Liberté de conscience et fidélité dans la foi
Une journée de formation sur le dialogue chrétiens-musulmans a eu lieu le 4 février 2018 à La Roche-sur-Yon sur le thème : « Liberté de conscience et fidélité dans la foi ». 110 personnes se sont retrouvées un dimanche, choisi afin de permettre à des personnes juives d’y participer. Le père Vincent Feroldi, responsable du Service National pour les Relations avec les Musulmans (SNRM), et Monsieur Omero Marongiu-Perria, sociologue musulman, étaient les intervenants.
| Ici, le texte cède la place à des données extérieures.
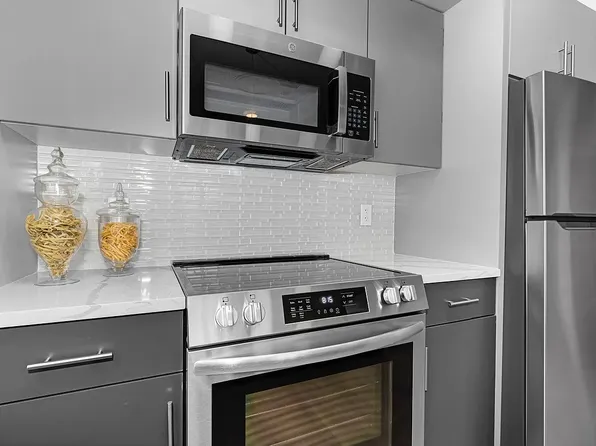 1435 10th Street image 9 of 59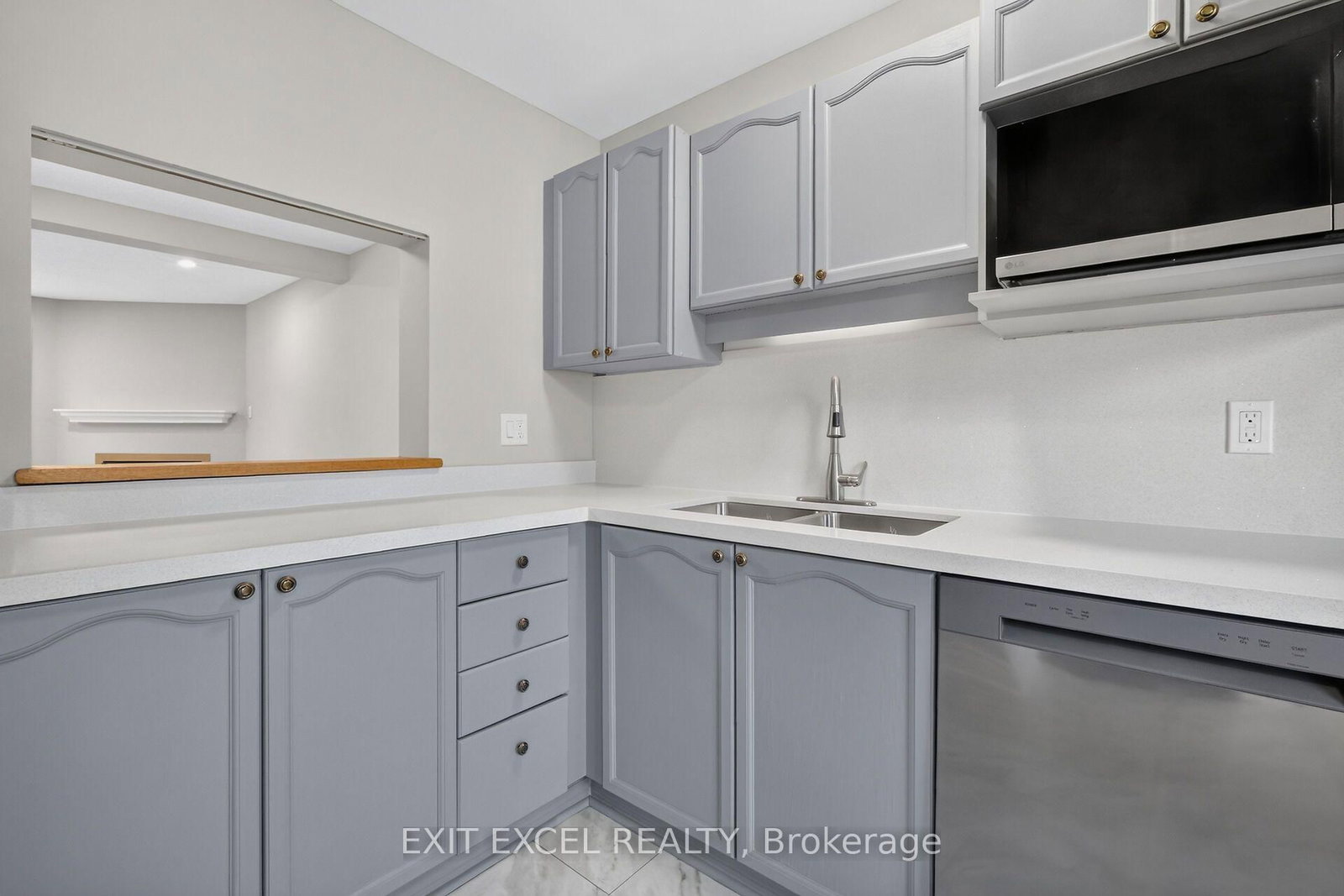 2712 Baseline Road • Ottawa, ON photo 20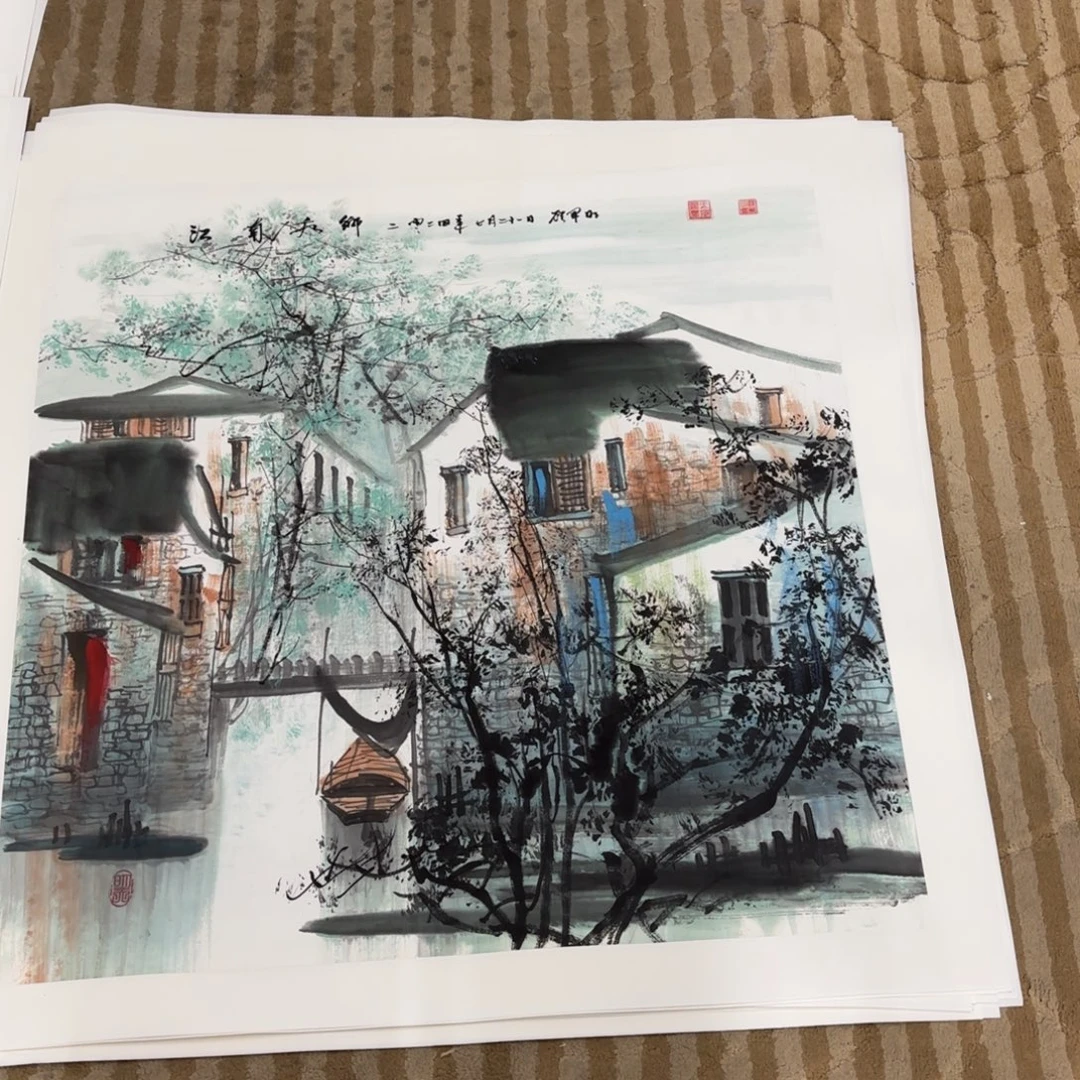 国画花鸟等图案为一体而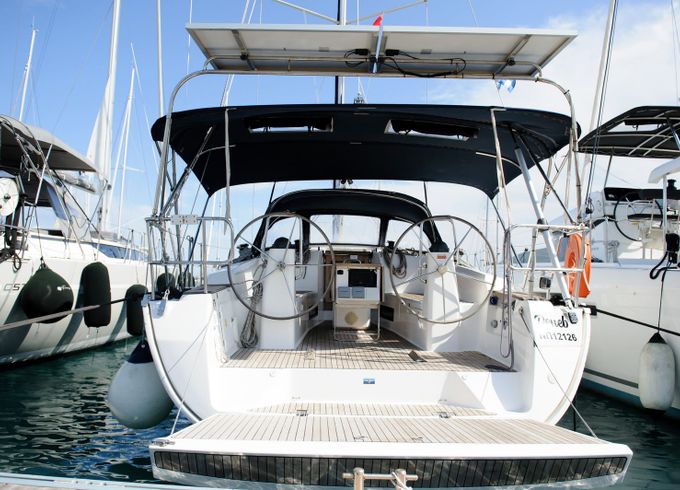 Bavaria Cruiser 40 Deneb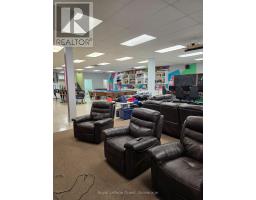 9 Front Street S, Orillia, ON L3V4S1 Photo 8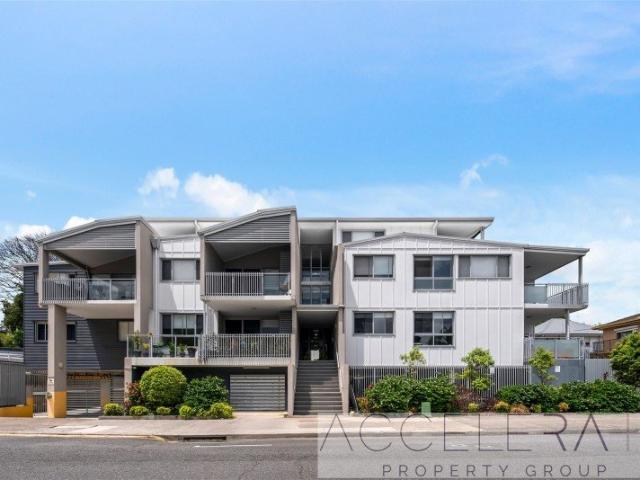 Absolute Stunner Great Location Complex with Pool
Vincent Feroldi a évoqué l’évolution de l’Eglise catholique pour une culture de la rencontre dans le respect de l’autre. Pour lui, nous nous trouvons dans une période de l’humanité où nous changeons de modèle de pensée, de paradigme. Il y a différentes manières de nous comprendre.
C’est d’abord l’approche biblique. Dieu est unique, nous sommes divers. Dieu seul est parfait ; nous sommes habités d’un manque.
Puis, en citant le Christ Serviteur, source de vie et de lumière, il aborda le paradigme évangélique : « J’ai encore d’autres brebis qui ne sont pas de cet enclos et celles-là aussi il faut que je les mène » (Jean 10, 16).
Nous devons aussi nous penser comme citoyens égaux en droits : c’est le paradigme des droits de l’Homme.
Il y a aussi le paradigme conciliaire car Vatican II a ouvert une voie décisive avec la Déclaration sur la liberté religieuse et Nostra Aetate qui voit dans les religions non-chrétiennes un rayon de la vérité qui les illumine.
Le pape François enfin nous encourage au paradigme de la fraternité en vivant « l’ouverture du cœur et la culture de la rencontre », en profitant de toutes les occasions et en pratiquant ensemble, chrétiens et musulmans, le dialogue des œuvres au service des démunis et des discriminés.
Omero Marongiu-Perria, quant à lui, s’est interrogé sur « la foi au défi de la liberté : quels enjeux pour l’islam contemporain ? ». Il constate que l’être humain est libre de ses convictions et de ses choix. Sa responsabilité consiste avant tout dans la prise en compte de la figure de l’Autre, comme partie intégrante du Soi. Comment faire société dans la pluralité des convictions ? A partir de quelles valeurs d’universel partagé ?
Constatant que les textes sont manipulables, il questionne : « Pourquoi, dans le monde musulman, y a-t-il une tendance à penser la relation à l’autre dans une exégèse coranique médiévale ? » Au Moyen Age, l’identité était en effet communautaire.
Il est nécessaire de renouveler l’interprétation des textes de l’Islam car le « paradigme hégémonique » manifeste une vision issue de Moyen Age et qui est en décalage complet avec les avancées de la modernité.
Les Etats-nations se sont appuyés sur les identités religieuses pour combattre le communisme. C’était par exemple le cas de l’Egypte, sous Anouar El Sadate, ce qui a favorisé l’essor des groupes islamistes et du wahhabisme. La Déclaration islamique des droits de l’homme et la Charte des droits de l’Homme de la Ligue arabe, édictées durant les années 1980 et 1990, ne respectent pas le principe du respect de la liberté de conscience, tel qu’édicté par la Déclaration des droits de l’Homme de 1948.
Il convient selon lui de distinguer le Coran de l’Islam en tant qu’institution religieuse, car ce que la dernière produit comme interprétation des textes ne représente qu’un travail humain toujours perfectible et qui doit être sans cesse poursuivi.
L’éthique correspond à ce qu’il est bon de faire tandis que la morale correspond à ce qu’on doit faire, la norme. Or cette dernière fragilise. Quand on se déplace vers l’éthique, on se responsabilise. Il faut donc renouer avec une forme universelle, un universel partagé, « un espace collaboratif entre des hommes et des femmes capables de construire une échelle commune de valeurs fondamentales qu’ils s’interdisent de transgresser ».
Concluons. Les deux intervenants ont conquis leur auditoire par la clarté, la simplicité de leur propos et surtout par leur manière d’être ensemble qui témoignait de la cohérence de leur message.